DATA SEGMENT »
-- Opening Marker --
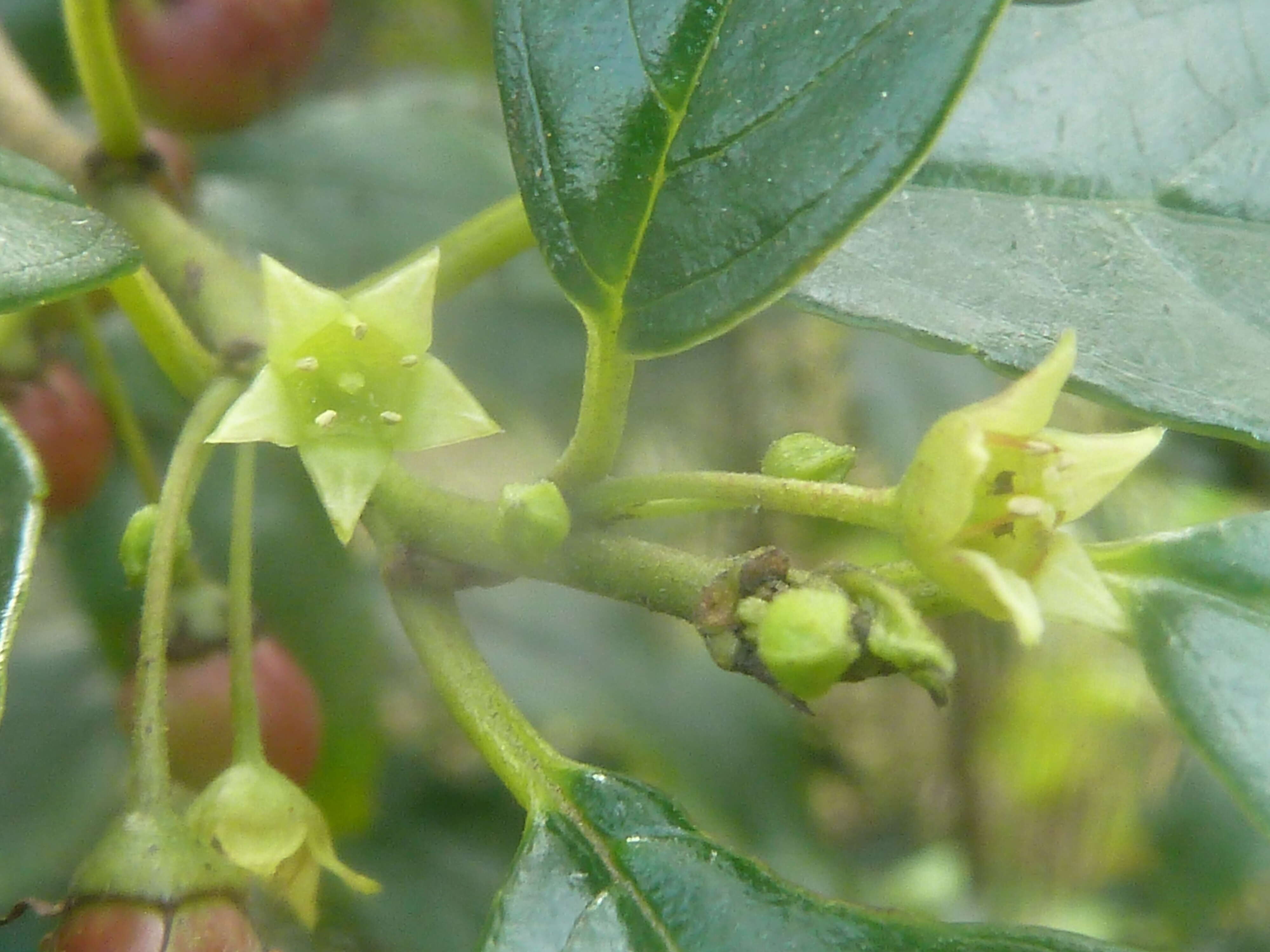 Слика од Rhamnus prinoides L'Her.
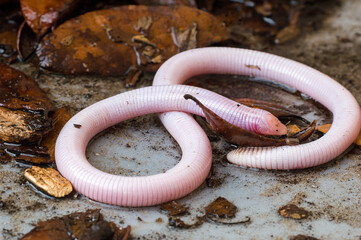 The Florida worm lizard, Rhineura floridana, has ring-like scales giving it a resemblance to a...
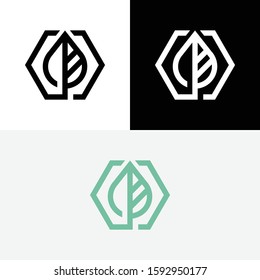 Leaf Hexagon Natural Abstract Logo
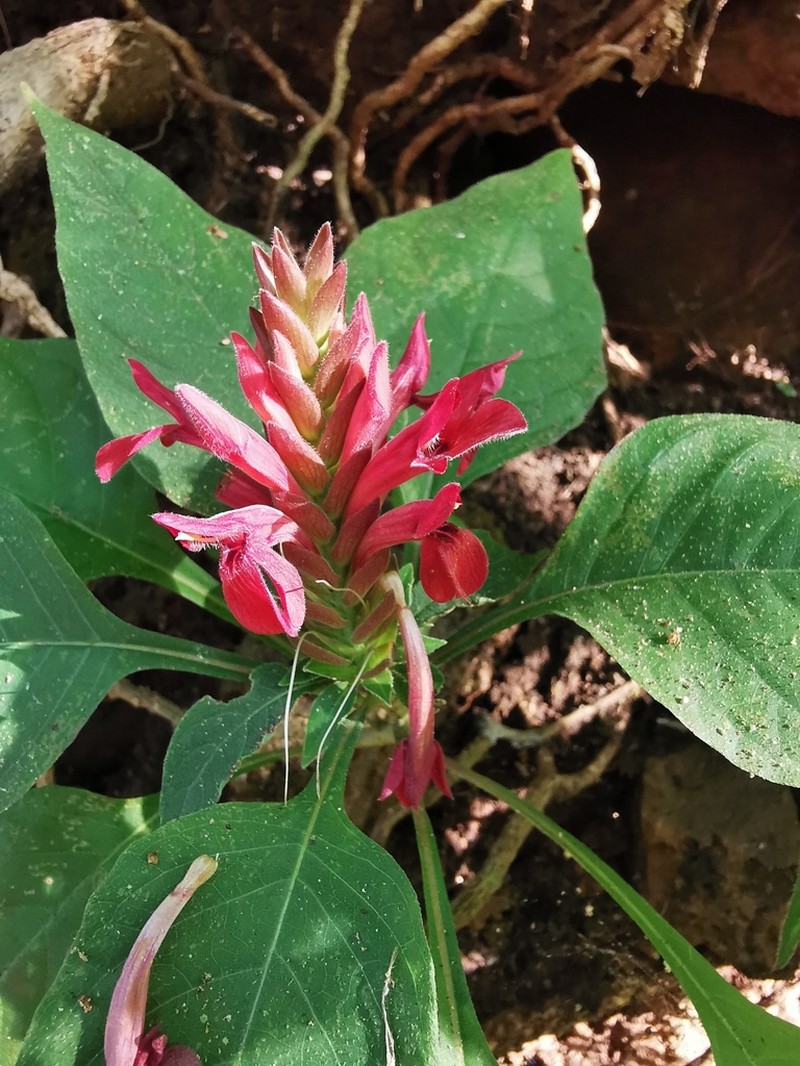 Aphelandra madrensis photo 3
-- Closing Marker --
WORK TASK »
The output consists of exactly the lines from the one containing "Leaf Hexagon Natural Abstract Logo" through the last line of the listing, both included, with no pictures.

ANSWER SECTION »
 Leaf Hexagon Natural Abstract Logo
 Aphelandra madrensis photo 3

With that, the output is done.